* YOUR TASK: In the records that follow, locate every line with "Bags" and extract it.
** EXERCISE MATERIAL follows **
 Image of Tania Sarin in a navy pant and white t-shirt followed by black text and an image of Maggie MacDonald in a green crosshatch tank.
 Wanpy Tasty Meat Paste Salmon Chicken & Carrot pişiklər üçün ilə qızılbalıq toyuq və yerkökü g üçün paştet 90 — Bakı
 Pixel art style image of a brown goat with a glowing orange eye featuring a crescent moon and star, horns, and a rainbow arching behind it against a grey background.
** End of EXERCISE MATERIAL **
** EXERCISE MATERIAL follows **
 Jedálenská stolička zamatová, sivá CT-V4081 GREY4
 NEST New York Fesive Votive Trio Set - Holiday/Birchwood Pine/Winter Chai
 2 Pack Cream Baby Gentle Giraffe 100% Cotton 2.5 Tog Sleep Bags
** End of EXERCISE MATERIAL **
** EXERCISE MATERIAL follows **
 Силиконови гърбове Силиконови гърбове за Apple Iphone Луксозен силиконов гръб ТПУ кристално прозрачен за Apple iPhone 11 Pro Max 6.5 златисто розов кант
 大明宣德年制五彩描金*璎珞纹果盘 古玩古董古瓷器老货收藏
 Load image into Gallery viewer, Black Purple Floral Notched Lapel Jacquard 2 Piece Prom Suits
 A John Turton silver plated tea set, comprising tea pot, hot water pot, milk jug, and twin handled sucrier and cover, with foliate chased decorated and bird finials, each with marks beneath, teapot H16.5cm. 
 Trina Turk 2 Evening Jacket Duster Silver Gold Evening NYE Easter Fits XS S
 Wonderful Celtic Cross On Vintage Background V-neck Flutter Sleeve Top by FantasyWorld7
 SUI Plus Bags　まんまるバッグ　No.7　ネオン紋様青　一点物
** End of EXERCISE MATERIAL **
* RESPONSE AREA:
 2 Pack Cream Baby Gentle Giraffe 100% Cotton 2.5 Tog Sleep Bags
 SUI Plus Bags　まんまるバッグ　No.7　ネオン紋様青　一点物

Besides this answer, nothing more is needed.